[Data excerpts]

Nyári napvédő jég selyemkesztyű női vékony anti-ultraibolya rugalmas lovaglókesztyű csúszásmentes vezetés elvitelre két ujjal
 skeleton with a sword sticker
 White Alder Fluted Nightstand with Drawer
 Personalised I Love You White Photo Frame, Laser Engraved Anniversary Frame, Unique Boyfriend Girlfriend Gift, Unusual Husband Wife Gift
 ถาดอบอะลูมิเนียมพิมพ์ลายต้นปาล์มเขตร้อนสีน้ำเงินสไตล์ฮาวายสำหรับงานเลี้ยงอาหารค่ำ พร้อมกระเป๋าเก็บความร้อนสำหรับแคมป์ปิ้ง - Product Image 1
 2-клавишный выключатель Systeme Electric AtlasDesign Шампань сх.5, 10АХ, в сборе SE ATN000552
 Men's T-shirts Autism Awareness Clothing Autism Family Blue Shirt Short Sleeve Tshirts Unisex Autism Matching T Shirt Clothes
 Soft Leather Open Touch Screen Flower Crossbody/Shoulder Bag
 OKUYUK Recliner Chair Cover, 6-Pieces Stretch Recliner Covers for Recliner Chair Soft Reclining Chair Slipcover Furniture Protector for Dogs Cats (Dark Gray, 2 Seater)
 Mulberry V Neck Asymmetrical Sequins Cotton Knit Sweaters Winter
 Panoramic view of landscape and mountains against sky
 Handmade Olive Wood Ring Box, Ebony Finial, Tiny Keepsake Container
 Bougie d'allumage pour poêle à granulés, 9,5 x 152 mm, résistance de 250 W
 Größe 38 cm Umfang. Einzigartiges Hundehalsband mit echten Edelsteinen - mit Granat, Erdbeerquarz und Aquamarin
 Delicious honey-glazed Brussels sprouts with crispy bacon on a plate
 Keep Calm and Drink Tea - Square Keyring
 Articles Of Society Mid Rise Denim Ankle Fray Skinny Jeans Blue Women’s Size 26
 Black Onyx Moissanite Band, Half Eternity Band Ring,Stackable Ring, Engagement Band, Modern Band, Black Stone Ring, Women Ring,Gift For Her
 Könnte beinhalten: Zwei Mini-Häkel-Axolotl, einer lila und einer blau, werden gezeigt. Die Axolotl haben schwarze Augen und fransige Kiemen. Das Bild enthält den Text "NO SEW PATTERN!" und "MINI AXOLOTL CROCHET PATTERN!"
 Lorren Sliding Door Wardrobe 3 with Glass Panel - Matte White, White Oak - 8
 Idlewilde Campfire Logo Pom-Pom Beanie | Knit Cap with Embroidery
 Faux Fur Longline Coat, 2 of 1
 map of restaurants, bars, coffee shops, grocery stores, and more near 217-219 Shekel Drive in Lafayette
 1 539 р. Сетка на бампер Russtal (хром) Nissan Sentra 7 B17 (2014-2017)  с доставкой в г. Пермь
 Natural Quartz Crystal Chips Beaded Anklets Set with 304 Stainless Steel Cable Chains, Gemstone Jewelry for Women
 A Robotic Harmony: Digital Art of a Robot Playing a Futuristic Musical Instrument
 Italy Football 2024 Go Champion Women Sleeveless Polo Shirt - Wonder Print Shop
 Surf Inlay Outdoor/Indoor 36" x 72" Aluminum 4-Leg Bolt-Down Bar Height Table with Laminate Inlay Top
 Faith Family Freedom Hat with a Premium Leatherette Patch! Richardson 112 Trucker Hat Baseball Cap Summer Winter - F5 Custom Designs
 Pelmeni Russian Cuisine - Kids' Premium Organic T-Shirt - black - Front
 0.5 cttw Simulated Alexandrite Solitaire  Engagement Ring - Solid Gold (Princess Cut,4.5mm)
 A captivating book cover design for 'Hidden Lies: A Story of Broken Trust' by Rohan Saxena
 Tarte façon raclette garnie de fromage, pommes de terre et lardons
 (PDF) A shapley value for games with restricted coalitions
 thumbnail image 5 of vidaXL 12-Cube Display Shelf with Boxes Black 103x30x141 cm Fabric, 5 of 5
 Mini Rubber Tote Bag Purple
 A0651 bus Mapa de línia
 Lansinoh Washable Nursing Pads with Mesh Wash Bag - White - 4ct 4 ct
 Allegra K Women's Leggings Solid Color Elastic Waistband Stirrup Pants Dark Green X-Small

* _Task details_
Of all the entries above, retype exactly the lines from the line with "Personalised I Love" to the line with "OKUYUK Recliner Chair", both included, and no others.

* _Task result_
 Personalised I Love You White Photo Frame, Laser Engraved Anniversary Frame, Unique Boyfriend Girlfriend Gift, Unusual Husband Wife Gift
 ถาดอบอะลูมิเนียมพิมพ์ลายต้นปาล์มเขตร้อนสีน้ำเงินสไตล์ฮาวายสำหรับงานเลี้ยงอาหารค่ำ พร้อมกระเป๋าเก็บความร้อนสำหรับแคมป์ปิ้ง - Product Image 1
 2-клавишный выключатель Systeme Electric AtlasDesign Шампань сх.5, 10АХ, в сборе SE ATN000552
 Men's T-shirts Autism Awareness Clothing Autism Family Blue Shirt Short Sleeve Tshirts Unisex Autism Matching T Shirt Clothes
 Soft Leather Open Touch Screen Flower Crossbody/Shoulder Bag
 OKUYUK Recliner Chair Cover, 6-Pieces Stretch Recliner Covers for Recliner Chair Soft Reclining Chair Slipcover Furniture Protector for Dogs Cats (Dark Gray, 2 Seater)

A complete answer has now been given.